Cryo-EM structure of transcription termination factor Rho from Mycobacterium tuberculosis reveals bicyclomycin resistance mechanism

The bacterial Rho factor is a ring-shaped motor triggering genome-wide transcription termination and R-loop dissociation. Rho is essential in many species, including in Mycobacterium tuberculosis where rho gene inactivation leads to rapid death. Yet, the M. tuberculosis Rho [(Mtb)Rho] factor displays poor NTPase and helicase activities, and resistance to the natural Rho inhibitor bicyclomycin [BCM] that remain unexplained.
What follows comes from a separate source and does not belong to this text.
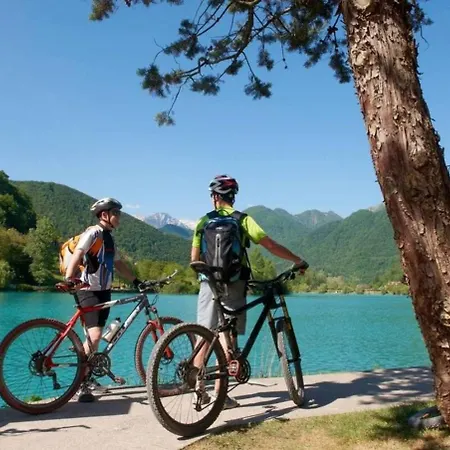 Stylish Penthouse With Large Terrace Hotel Most na Soči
To address these issues, we solved the cryo-EM structure of (Mtb)Rho at 3.3 Å resolution. The (Mtb)Rho hexamer is poised into a pre-catalytic, open-ring state wherein specific contacts stabilize ATP in intersubunit ATPase pockets, thereby explaining the cofactor preference of (Mtb)Rho. We reveal a leucine-to-methionine substitution that creates a steric bulk in BCM binding cavities near the positions of ATP γ-phosphates, and confers resistance to BCM at the expense of motor efficiency. Our work contributes to explain the unusual features of (Mtb)Rho and provides a framework for future antibiotic development.